Return From Sin City

Just back from another Vegas trip, mostly for recreation but also to get some work done.  In case you haven't been there lately, the new trend in gaming is for "name" slot machines, themed around TV shows.  Some are based on game shows, like Jeopardy! and Wheel of Fortune, and I lost an entire two bucks playing a Press Your Luck slot.  (Press Your Luck was a terrific game show which went off the air in 1986.  It was never a huge hit but I guess they figure someone remembers it.)  There are also I Dream of Jeannie machines (with great pictures of Barbara Eden all over them), Addams Family machines and Munsters machines, while Beverly Hillbillies and Bewitched are said to be on the way.  If you hit big on the Beverly Hillbillies machine, you could win enough to move into the big house next to the Drysdales and have your own cee-ment pond and a whole back yard full of critters.  Old TV programs used to just fade quietly into obscurity on Nick at Nite.  Now, they move to Las Vegas and get into professional gambling.
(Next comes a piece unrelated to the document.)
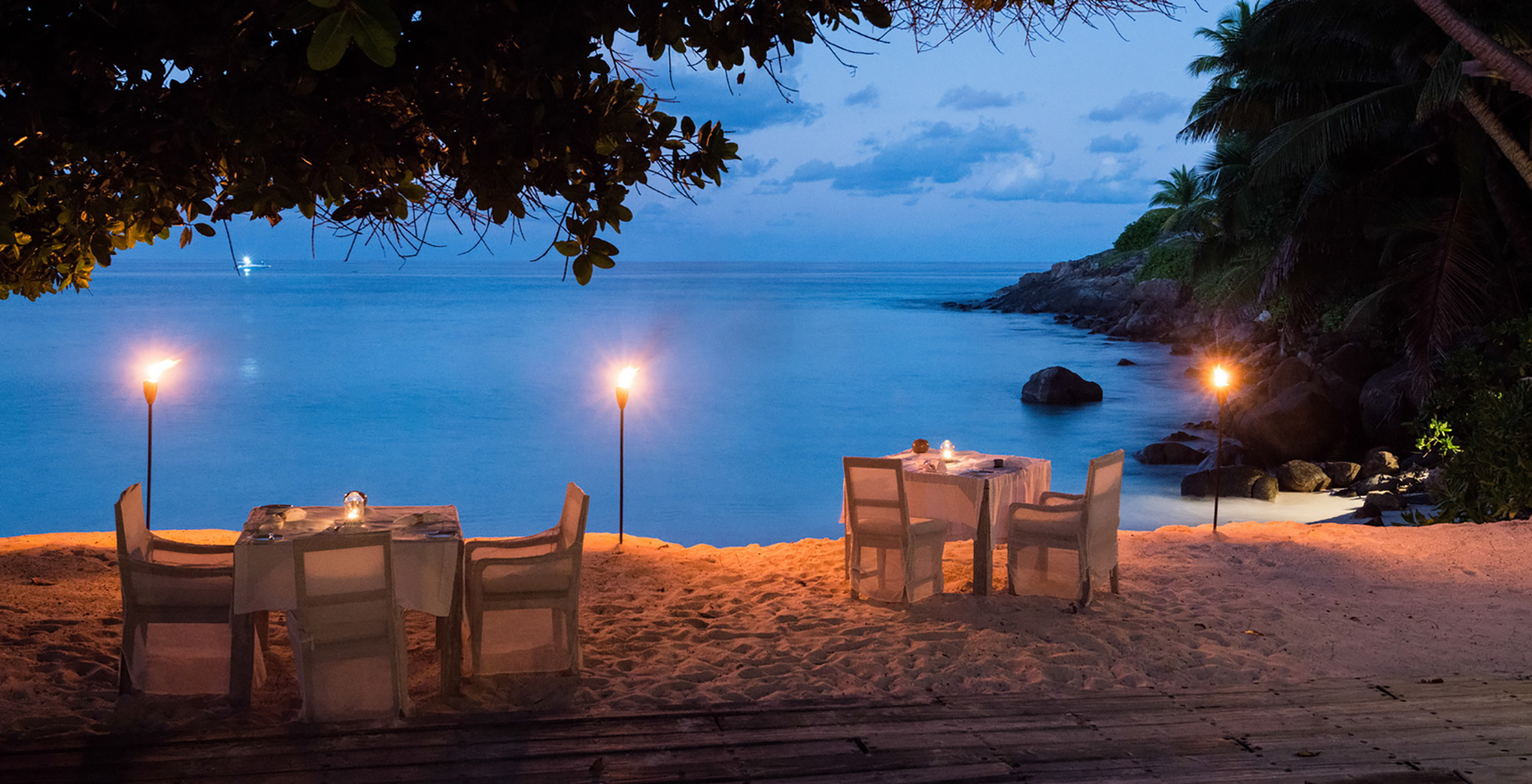 Seychelles-North-Island-Lodge-Beach-Dining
Funniest Thing I Encountered in Vegas This Time: No, not a Windows error.  Walking the length of the Strip, I wandered past the Westward Ho, which is a dump of a casino next door.  I noticed that, while the Stardust — hardly a class act, itself — is featuring Wayne Newton, the 'Ho (as locals call it) is featuring Rusty Davis, a Wayne Newton impersonator.  A gent outside was trying to hustle folks to go in, gamble, eat cheap shrimp cocktails and see Rusty.   I asked him, "Why would anyone want to see a Wayne Newton impersonator when they can walk right across that parking lot and see the real Wayne Newton?"  Without pausing to mull, the man responded: "Our Wayne Newton is $14.95 and comes with a buffet."  Hey, works for me.